What we found was that these teams that overachieved the prior season the most, didn’t just barely go under their win totals, they did so by a large amount. Teams that went under in the top quintile, did so by an average of 2.6 games and 2.1 when using the median figure. We figured it could be more profitable if we used alternative lines instead of the standard win totals offered at sportsbooks. Many books offer these alternative win totals for both the over and under, typically by 1 game extra each way. They also do this at very attractive odds (typically ~+180 to go under by 1 more game than the normal win total offered). For example, a team’s normal win total might be 9 with -120 odds to go under but would then also offer 8 at +180 to go under as well. Would it be more profitable to use alternative lines for juiced payouts taking the risk that, when these teams underperform, they do so by more than 2 games? That then got us thinking that maybe taking it one step further and betting these teams to miss the playoffs could offer up even juicier odds to tack on.
To test this hypothesis in the betting world, it is not enough to look back today at past data to determine the proper representation of that top quintile. We must use a methodology that could perform in real time. Meaning, back 10 years ago, we had no idea what was considered the 80th percentile since we only know it today after the seasons have already occurred. We would be cherry picking if we did that. In order to do this properly, we must apply this method of gathering 80th percentile data, one year at a time to collect our results. For example, in 2018 we would not have the proper data to determine that the 2020 Chiefs or 2019 Eagles would eventually end up in our top quintile results, as we do now in the overall dataset. So, our 80th percentile results would have a slightly different make up back then. Extrapolating this principle, we also needed to determine that this process would have made sense back when we started in 2006. One year at a time, we analyzed the data starting in 1999 and ending in 2005, giving us roughly 6 years of data to create our quintiles which would allow us to be “time travelers”. For those who are privy to the term, this is essentially time series cross validation. The basic idea is to avoid the common trap of using data you trained a “model” on later to also then validate the model. This is flawed and will lead more often to misleading assessments of accuracy.

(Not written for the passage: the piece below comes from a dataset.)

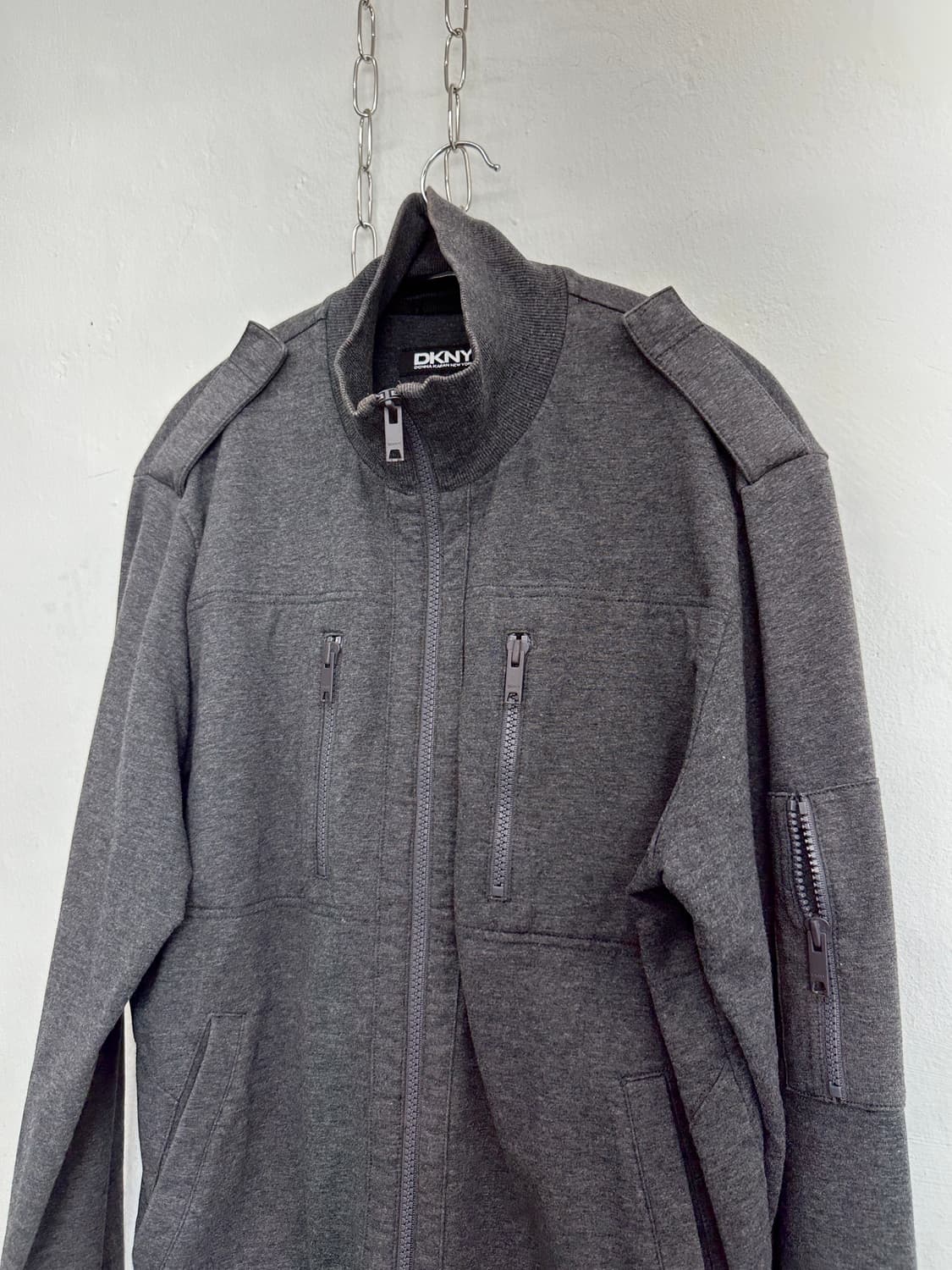 DKNY Military Zip-Up Knit Bomber Jacket 상품이미지4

The Biggest Overachievers- Historical Returns vs Pythagorean Wins
The table above shows how this methodology would have performed in terms of units per season, starting in 2006. You can interpret this as risking a 1-unit wager on every alternative under at +180 (assumed odds for every alternative line since historical data is non-existent) and 1 unit on each team to miss the playoffs that season. Doing this produced excellent results. Betting this basket of teams (105 team sample size) to underperform the next season would have profited +47.0 total units and a Return on Investment (ROI) of 41.3%. Performing the same exact process for the 80th percentile of overachievers in the Pythagorean basket (186 team sample size), would have returned +43.9 units and a 23.6% ROI. Very good results as well but underperforming our methods both from a unit win perspective and ROI considering a much larger sample and dollar layout.
What is impressive about our results is the consistency of the return. There are only three seasons out of 16 with negative results (2011, 2014 and 2020) for our biggest overachieving 4th Quarter Win % Over Expected basket of teams. That compares to four negative seasons for the Pythag basket of teams. In addition, the teams that fit our methodology produced outsized returns via going under the alternative lines (+29 units) versus +21.4 units for Pythag. To its credit the teams to miss the Playoffs in the Pythag basket did outperform.
As with any model, I believe that there should be some level of qualitative overlay to help produce the best results. For example, Peyton Manning led teams went 4-1 to the over as part of the overachieving basket while Tom Brady’s Patriot teams went 5-2 to the over. Nine of the win total and miss the playoff losses came at the hands of just these two QBs alone. In addition, there were samples, albeit limited, of teams that had major roster changes or advanced data similar to Pythag that led to the market pricing in a significant drop in win totals. The “bad news” or regression was priced into the market win totals to the point that they actually became favorites to miss the playoffs. The value in wagering to miss the playoffs in an already depressed market likely isn’t the most ideal scenario. Finally, although the odds are high for the best teams to miss the playoffs, we have noticed that every team who had odds of -700 or higher to make the playoffs since 2008 eventually did make the playoffs that season. It’s fairly rare for the best of the best to miss the playoffs.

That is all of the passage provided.